Activity —
Each line of the listing below that includes "Chapter" must be copied.

Recorded data —
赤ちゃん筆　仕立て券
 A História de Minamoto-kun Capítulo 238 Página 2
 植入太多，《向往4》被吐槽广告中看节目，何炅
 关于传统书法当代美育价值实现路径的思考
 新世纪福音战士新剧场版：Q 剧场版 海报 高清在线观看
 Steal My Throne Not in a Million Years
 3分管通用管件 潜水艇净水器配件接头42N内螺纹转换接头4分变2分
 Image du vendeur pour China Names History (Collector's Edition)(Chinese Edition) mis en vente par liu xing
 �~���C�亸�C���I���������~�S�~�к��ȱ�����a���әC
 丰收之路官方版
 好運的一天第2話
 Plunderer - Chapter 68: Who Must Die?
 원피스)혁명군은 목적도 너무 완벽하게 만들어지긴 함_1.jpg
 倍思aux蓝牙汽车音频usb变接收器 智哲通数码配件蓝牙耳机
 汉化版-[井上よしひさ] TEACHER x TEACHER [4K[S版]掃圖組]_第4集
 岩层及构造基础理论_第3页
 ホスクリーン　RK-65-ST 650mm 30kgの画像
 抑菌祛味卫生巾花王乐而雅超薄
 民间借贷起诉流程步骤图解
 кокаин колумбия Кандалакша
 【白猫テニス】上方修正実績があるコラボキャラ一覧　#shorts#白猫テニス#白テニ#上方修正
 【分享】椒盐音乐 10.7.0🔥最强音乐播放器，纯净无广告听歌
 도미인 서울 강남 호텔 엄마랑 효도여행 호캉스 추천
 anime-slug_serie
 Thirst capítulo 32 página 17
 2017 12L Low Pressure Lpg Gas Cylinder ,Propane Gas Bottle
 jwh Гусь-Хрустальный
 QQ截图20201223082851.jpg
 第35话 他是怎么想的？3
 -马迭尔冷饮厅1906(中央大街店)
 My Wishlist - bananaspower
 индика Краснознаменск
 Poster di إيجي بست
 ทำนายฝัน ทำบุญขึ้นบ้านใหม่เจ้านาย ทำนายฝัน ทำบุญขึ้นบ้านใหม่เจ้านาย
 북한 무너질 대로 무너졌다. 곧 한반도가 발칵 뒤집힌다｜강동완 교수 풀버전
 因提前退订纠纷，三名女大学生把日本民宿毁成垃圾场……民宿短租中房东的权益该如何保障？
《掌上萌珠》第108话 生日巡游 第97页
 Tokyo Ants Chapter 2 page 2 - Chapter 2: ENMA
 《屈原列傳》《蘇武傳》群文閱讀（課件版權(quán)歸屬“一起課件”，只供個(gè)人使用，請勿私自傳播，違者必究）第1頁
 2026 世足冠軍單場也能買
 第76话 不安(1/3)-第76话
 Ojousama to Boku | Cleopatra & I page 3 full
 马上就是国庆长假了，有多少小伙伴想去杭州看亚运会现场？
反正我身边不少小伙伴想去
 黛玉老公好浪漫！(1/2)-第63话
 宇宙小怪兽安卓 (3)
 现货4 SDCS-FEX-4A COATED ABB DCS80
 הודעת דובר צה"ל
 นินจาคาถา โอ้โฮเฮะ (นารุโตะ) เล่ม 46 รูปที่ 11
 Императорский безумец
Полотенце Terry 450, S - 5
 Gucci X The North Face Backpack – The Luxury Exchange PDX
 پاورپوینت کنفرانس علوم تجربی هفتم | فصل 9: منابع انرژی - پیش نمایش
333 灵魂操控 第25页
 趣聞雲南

Result of the exercise —
 Plunderer - Chapter 68: Who Must Die?
 Tokyo Ants Chapter 2 page 2 - Chapter 2: ENMA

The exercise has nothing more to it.